The women's soccer semifinal match between the United States and Canada ruled. Between the seven goals scored in the most dramatically back-and-forth manner possible and the immense likability of the victorious American team, you couldn't have asked for a better game. Alex Morgan's 123rd-minute goal might be the Olympics' most exciting moment yet.
Of course, there were complications. Each team might have gotten away with something they shouldn't have. The Canadians think the calls against their team were more wrong and more consequential, but as in the War of 1812, they are in the wrong. ("Those who do not remember the War of 1812 are doomed to repeat it," as the saying goes.)
CANADA'S ARGUMENT: Neither Erin McLeod's delay-of-game penalty nor the subsequent handball were the right calls.
Image by Hussein Malla / AP
(This is the handball. Abby Wambach converted the penalty kick.)

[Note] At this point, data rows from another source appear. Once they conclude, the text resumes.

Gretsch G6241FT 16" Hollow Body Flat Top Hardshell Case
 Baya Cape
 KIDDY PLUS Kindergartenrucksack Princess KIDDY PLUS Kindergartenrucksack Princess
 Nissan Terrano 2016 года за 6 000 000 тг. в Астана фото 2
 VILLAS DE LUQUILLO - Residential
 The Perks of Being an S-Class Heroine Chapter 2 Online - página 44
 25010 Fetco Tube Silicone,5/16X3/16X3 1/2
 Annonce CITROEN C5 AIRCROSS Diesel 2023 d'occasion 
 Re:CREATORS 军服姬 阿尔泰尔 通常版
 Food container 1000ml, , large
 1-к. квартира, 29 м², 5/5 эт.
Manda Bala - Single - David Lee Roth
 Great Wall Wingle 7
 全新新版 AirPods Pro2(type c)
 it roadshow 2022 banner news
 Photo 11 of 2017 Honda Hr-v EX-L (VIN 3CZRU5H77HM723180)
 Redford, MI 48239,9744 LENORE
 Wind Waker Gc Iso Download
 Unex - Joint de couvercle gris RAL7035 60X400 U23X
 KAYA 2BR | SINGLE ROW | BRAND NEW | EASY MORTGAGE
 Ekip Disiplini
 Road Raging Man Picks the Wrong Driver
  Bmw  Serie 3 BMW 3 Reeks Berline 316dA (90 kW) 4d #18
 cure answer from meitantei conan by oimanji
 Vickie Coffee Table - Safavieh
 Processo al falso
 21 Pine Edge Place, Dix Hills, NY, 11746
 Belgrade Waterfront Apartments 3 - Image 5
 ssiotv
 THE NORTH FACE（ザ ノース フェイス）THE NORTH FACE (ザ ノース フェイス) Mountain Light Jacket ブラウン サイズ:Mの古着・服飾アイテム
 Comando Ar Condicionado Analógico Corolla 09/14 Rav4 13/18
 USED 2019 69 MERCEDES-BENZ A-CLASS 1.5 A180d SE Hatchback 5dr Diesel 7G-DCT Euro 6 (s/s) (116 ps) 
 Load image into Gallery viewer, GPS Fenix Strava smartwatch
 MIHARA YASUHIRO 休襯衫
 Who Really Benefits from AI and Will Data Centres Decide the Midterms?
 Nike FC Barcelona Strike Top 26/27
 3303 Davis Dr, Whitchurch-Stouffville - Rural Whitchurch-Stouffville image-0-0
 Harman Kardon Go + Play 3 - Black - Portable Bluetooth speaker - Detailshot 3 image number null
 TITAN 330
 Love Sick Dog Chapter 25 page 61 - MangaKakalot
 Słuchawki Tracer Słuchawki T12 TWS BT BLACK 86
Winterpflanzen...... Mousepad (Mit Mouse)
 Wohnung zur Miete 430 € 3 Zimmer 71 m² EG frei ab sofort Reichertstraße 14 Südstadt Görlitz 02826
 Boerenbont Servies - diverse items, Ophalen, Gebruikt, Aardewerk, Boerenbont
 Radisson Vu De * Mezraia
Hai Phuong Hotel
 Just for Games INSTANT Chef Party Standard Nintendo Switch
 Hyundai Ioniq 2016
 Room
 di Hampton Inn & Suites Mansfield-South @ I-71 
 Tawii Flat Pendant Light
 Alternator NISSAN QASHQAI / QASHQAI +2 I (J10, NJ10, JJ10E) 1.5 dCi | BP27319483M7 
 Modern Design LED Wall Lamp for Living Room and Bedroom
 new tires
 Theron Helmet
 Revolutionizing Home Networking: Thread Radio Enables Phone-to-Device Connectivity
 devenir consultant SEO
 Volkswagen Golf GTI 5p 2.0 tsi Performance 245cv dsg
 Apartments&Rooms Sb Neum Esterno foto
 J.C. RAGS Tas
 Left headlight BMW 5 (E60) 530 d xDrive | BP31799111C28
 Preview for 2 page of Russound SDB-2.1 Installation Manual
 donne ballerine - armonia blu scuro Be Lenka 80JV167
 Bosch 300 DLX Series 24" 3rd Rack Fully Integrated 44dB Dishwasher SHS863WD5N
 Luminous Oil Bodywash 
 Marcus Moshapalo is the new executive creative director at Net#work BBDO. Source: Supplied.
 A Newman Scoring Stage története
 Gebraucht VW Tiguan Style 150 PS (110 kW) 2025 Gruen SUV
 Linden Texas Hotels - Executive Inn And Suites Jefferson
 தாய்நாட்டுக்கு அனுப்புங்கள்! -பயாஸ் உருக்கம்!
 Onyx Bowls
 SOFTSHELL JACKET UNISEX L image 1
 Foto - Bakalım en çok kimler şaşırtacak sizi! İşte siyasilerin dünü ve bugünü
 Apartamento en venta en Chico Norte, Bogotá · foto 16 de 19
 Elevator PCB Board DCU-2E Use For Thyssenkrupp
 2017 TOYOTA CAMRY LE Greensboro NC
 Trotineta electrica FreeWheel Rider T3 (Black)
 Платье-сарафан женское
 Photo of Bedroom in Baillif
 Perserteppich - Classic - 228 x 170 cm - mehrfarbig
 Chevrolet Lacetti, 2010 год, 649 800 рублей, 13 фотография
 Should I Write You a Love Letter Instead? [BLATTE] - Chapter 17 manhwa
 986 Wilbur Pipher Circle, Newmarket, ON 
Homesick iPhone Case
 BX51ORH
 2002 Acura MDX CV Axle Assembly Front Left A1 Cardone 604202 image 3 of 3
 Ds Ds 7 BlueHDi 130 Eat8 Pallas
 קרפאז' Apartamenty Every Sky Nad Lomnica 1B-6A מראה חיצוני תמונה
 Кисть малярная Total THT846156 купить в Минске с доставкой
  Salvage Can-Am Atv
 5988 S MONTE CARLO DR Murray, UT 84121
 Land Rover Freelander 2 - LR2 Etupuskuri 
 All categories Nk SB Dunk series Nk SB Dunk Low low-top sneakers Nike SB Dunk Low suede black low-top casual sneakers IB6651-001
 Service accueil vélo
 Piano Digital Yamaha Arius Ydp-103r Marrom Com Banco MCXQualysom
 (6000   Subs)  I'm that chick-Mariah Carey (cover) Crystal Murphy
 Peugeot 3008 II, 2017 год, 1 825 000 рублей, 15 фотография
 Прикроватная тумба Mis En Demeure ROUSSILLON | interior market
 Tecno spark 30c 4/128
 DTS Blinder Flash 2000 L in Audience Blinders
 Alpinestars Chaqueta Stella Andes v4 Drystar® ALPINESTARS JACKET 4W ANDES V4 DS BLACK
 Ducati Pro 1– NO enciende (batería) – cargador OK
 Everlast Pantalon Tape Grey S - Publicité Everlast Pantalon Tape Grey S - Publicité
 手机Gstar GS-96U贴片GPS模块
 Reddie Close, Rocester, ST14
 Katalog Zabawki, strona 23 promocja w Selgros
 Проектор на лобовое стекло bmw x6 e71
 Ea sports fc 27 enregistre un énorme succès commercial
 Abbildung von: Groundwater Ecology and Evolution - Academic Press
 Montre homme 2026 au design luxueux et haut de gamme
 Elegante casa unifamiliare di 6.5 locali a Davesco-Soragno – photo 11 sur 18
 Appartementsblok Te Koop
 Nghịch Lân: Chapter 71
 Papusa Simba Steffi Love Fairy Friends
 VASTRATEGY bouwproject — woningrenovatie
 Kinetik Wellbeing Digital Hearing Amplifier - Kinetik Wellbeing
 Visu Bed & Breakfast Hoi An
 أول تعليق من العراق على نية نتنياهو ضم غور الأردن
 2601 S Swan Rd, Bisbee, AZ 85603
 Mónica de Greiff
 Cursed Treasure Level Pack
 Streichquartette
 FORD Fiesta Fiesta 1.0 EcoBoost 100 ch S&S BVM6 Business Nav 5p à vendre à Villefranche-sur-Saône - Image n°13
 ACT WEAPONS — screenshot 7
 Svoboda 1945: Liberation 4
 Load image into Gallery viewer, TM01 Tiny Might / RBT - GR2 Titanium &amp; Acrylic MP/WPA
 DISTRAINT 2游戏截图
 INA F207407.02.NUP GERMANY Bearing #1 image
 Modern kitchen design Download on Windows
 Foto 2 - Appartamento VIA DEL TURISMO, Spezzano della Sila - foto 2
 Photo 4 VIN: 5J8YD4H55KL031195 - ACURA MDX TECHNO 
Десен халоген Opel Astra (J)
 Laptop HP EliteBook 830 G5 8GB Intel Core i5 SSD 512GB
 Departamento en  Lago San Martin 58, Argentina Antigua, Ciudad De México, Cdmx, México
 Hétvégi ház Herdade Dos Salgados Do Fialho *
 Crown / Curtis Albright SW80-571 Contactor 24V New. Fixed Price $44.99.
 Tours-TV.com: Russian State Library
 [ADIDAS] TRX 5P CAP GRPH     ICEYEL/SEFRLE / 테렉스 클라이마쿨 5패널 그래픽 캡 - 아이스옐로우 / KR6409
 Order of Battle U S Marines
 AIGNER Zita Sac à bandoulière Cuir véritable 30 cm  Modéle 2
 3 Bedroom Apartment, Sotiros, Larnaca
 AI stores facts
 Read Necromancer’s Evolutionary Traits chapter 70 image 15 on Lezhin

Canada led 3-2 at the time McLeod was called for holding on to the ball longer than six seconds, which came right around the 75th minute. The delay-of-game call on McLeod is one that you basically never see at the upper levels of soccer — I don't think I've ever seen it in an international or professional game &mdash. As for the handball, the argument against it is that Canadian defender Marie-Eve Nault was already planted in the ball's path, making the contact either incidental or defensive.
The combination of both of these decisions within minutes of each other had a multiplying effect. Newspapers in Canada cried foul (just kidding — there's only one newspaper in Canada, and it's called the Tim Horton's Gazette) saying the team was robbed; meanwhile, the players suggested the game was rigged in favor of the Americans.